» **Exercise details**:
Omit pictures and quote the listing below line by line, from its start through the line that holds "Cho thuê nhà".

(Beginning of Entries shown)

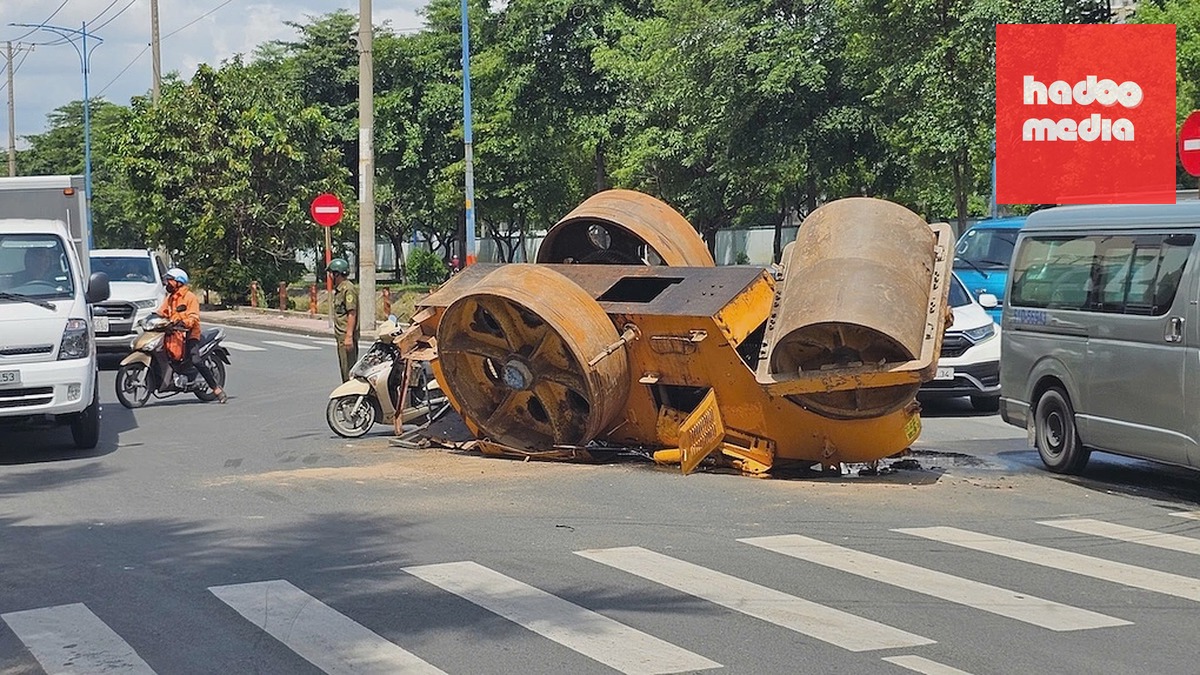 Xe lu rơi xuống từ ôtô tải chắn ngang làn đường, khiến giao thông ùn tắc. Ảnh: Anh Kha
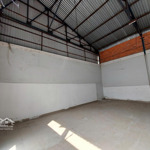 Cho thuê nhà kho quận 7 dt 280m trần cao 7m, xe vào tận trong kho.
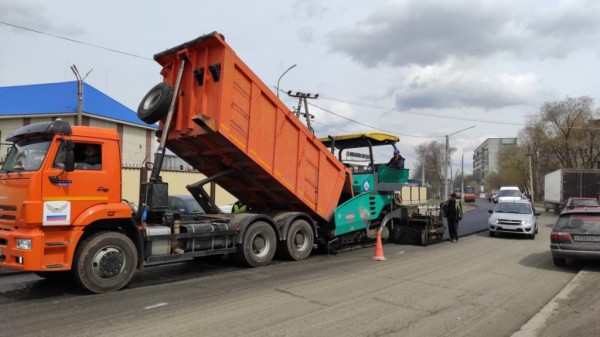 В Оренбурге продолжаются дорожные работы, в том числе и в рамках национального проекта "Безопасные качественные дороги" В Оренбурге продолжаются дорожные работы, в том числе и в рамках национального проекта "Безопасные качественные дороги"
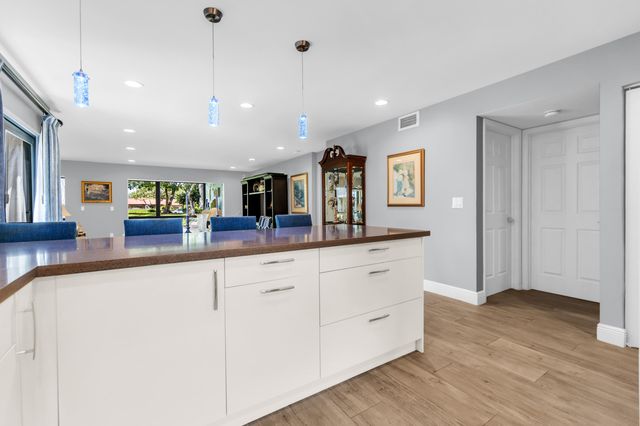 21546 Cypress Hammock Drive 40A, Boca Raton, FL 33428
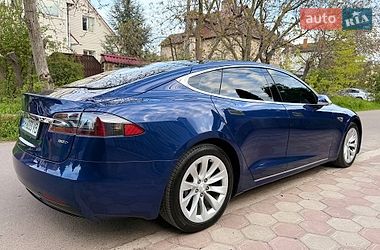 Лифтбек Tesla Model S 2016 в Одессе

(End of Entries shown)

» **Exercise result**:
 Xe lu rơi xuống từ ôtô tải chắn ngang làn đường, khiến giao thông ùn tắc. Ảnh: Anh Kha
 Cho thuê nhà kho quận 7 dt 280m trần cao 7m, xe vào tận trong kho.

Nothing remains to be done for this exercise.